REQUIRED WORK: With pictures left out, write out exactly every line from the start of the data through the one that contains "Rescue an Abandoned".

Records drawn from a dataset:

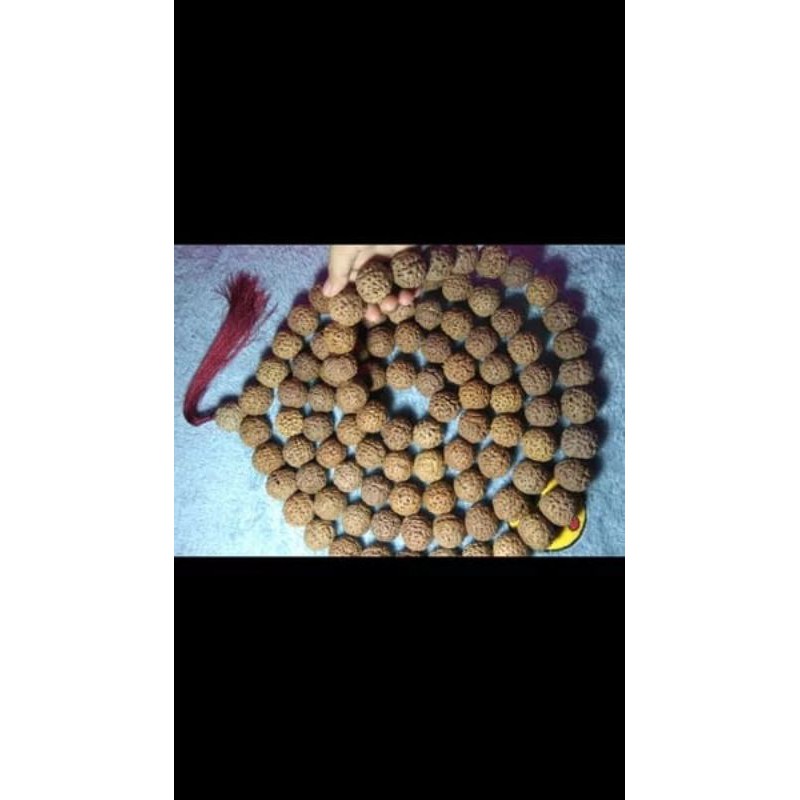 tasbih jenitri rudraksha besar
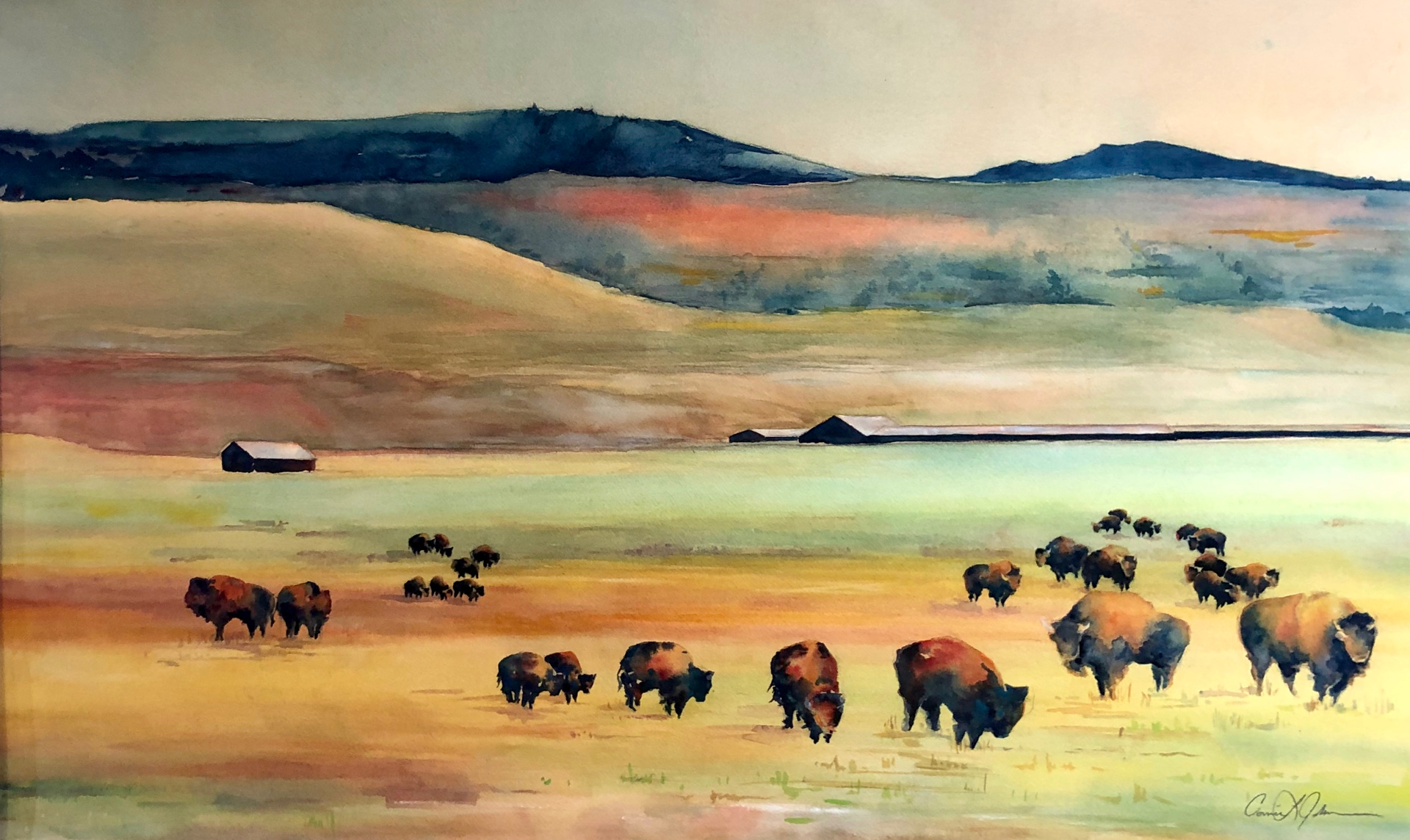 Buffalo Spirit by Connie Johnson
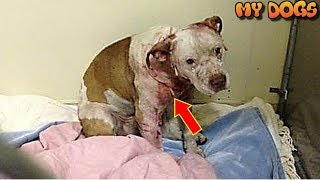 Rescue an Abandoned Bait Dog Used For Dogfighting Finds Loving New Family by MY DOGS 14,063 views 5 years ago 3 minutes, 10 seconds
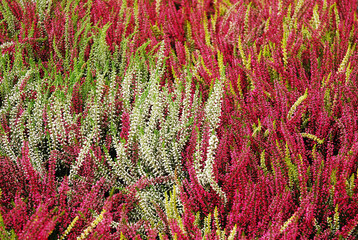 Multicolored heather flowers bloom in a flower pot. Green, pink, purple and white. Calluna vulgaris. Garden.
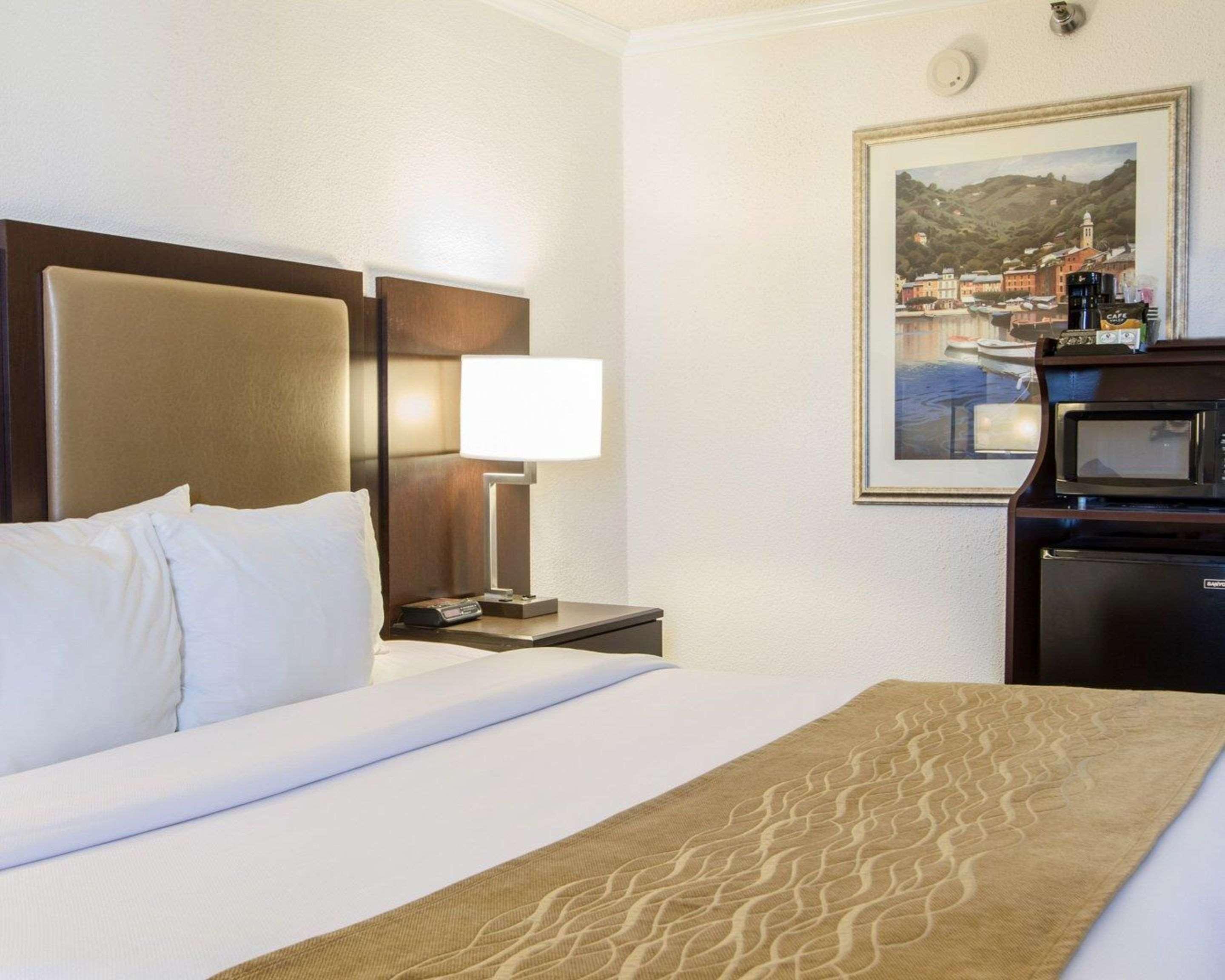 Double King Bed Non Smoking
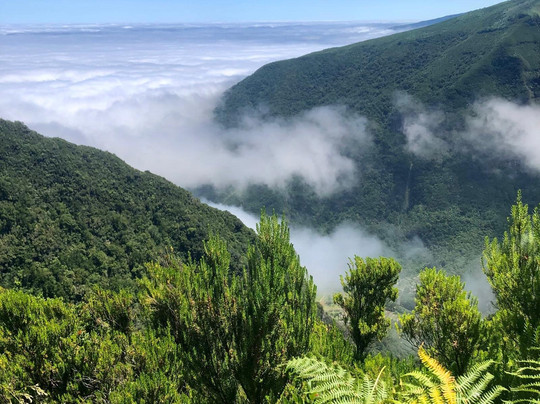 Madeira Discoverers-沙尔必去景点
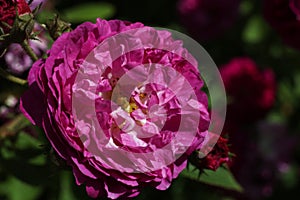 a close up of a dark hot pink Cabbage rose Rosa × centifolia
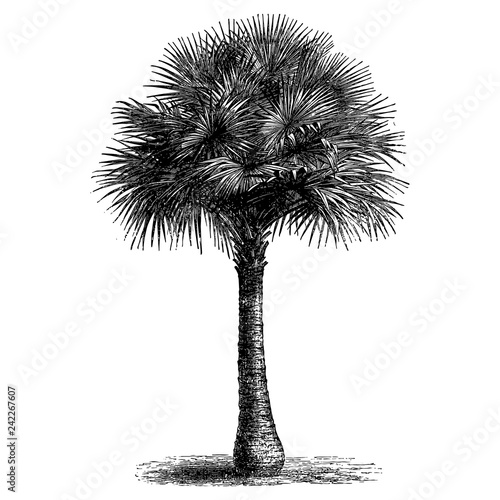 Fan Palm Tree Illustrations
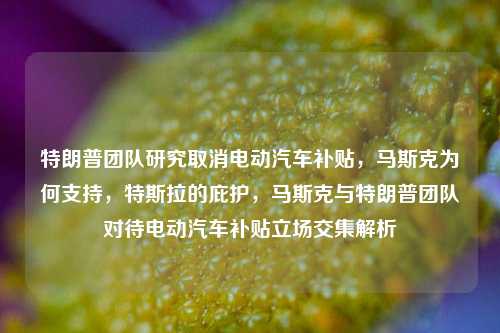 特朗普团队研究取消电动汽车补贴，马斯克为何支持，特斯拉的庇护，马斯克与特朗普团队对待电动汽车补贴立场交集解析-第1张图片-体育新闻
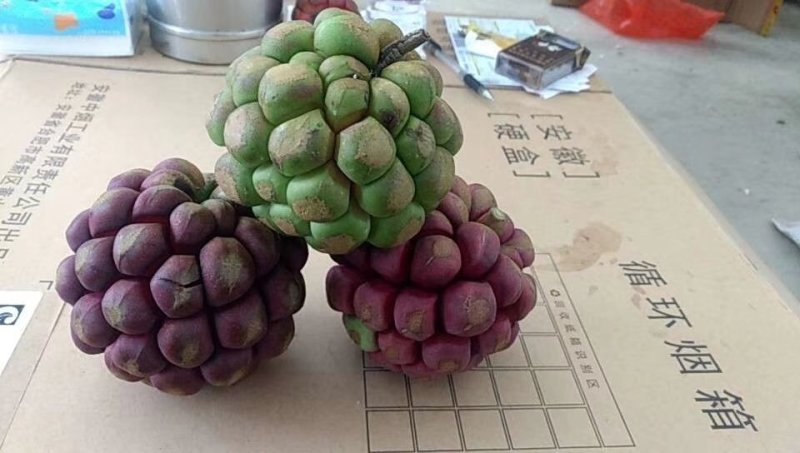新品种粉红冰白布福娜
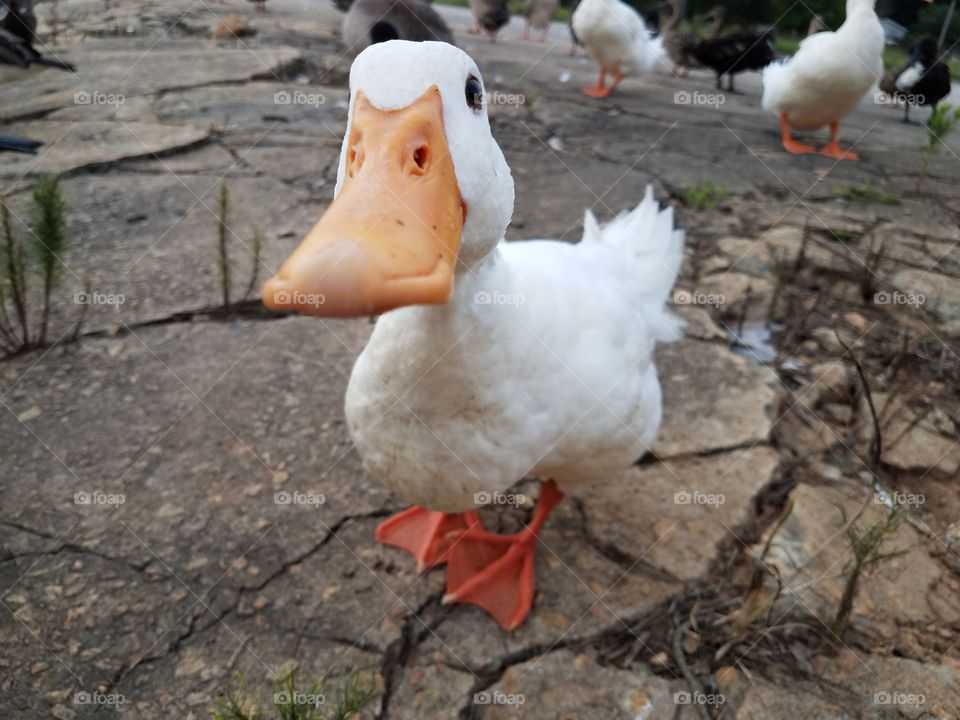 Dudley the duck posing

RESULT OF THIS TASK:
 tasbih jenitri rudraksha besar
 Buffalo Spirit by Connie Johnson
 Rescue an Abandoned Bait Dog Used For Dogfighting Finds Loving New Family by MY DOGS 14,063 views 5 years ago 3 minutes, 10 seconds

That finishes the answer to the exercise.